Stored items
━━━━━━━━
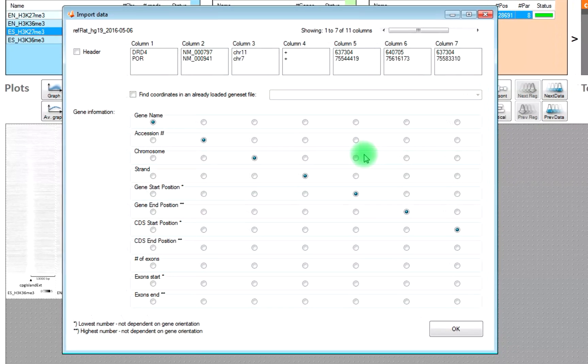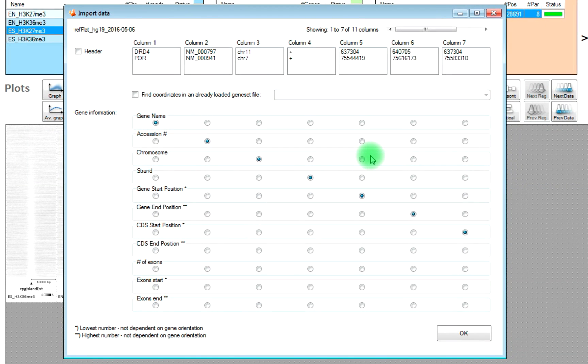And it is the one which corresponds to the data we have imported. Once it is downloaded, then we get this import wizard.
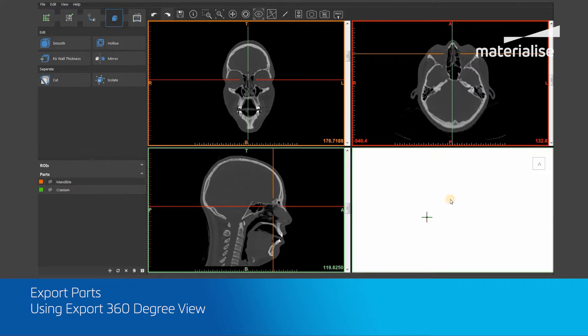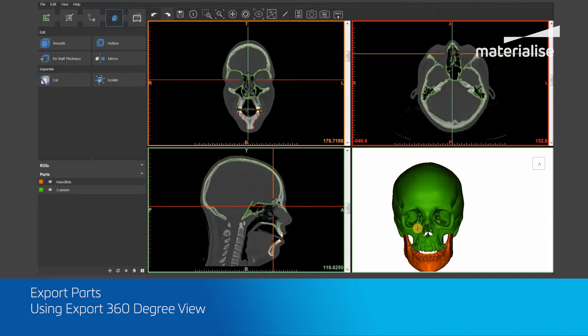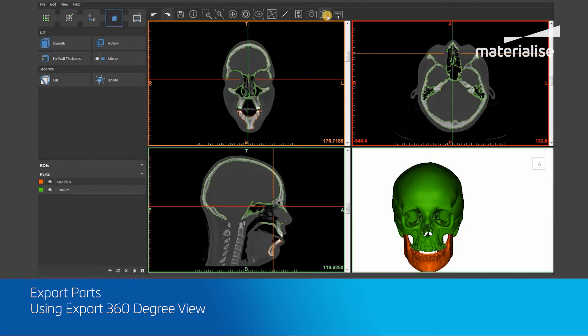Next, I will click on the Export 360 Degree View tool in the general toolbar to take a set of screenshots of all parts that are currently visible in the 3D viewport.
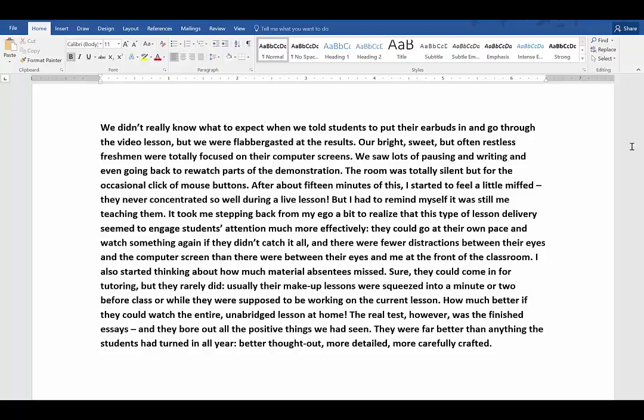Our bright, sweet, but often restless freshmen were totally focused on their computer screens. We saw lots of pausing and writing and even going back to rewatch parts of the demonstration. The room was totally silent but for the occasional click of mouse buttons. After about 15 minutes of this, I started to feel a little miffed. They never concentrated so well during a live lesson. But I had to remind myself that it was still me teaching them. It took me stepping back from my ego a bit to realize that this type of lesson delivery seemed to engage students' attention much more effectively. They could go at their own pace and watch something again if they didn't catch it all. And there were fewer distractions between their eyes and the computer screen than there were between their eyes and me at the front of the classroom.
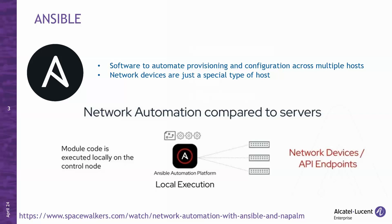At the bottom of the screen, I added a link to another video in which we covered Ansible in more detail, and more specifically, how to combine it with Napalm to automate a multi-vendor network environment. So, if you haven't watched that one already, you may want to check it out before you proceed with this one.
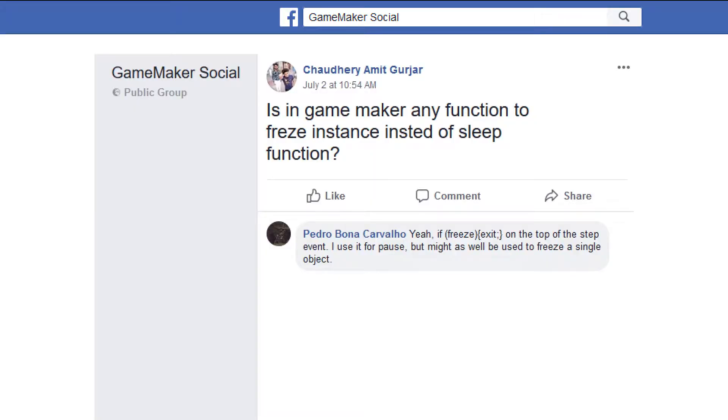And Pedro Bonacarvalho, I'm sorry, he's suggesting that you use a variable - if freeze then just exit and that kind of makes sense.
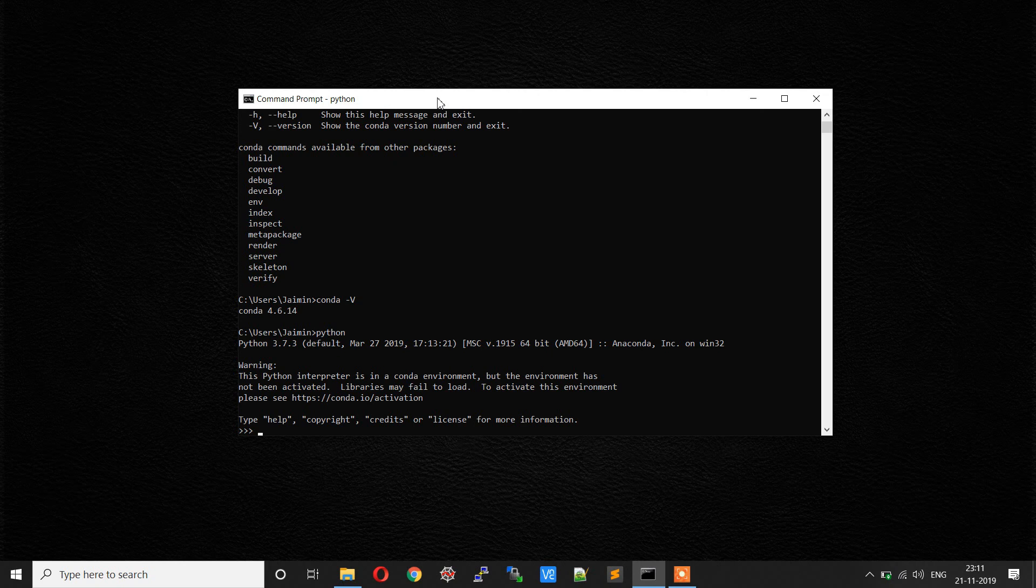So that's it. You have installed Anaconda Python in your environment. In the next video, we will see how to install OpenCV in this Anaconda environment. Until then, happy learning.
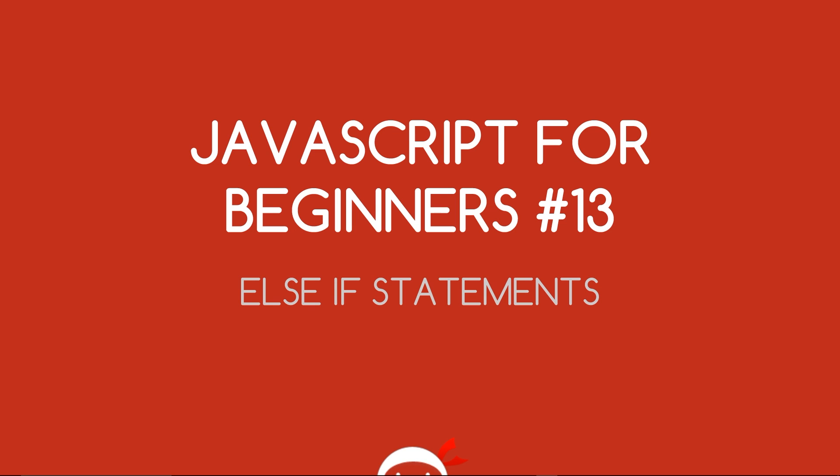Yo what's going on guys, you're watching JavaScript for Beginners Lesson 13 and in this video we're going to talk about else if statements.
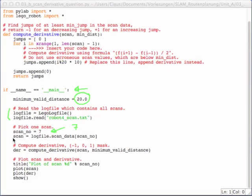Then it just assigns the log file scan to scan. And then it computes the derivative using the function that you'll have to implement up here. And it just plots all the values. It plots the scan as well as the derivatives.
━━━━━━━━
• [Task]: The required answer is the lines from the one that contains "So that's it." through the last line of the records, restated word for word, with every picture dropped.

• [Reply]:
So that's it. You have installed Anaconda Python in your environment. In the next video, we will see how to install OpenCV in this Anaconda environment. Until then, happy learning.
Yo what's going on guys, you're watching JavaScript for Beginners Lesson 13 and in this video we're going to talk about else if statements.
Then it just assigns the log file scan to scan. And then it computes the derivative using the function that you'll have to implement up here. And it just plots all the values. It plots the scan as well as the derivatives.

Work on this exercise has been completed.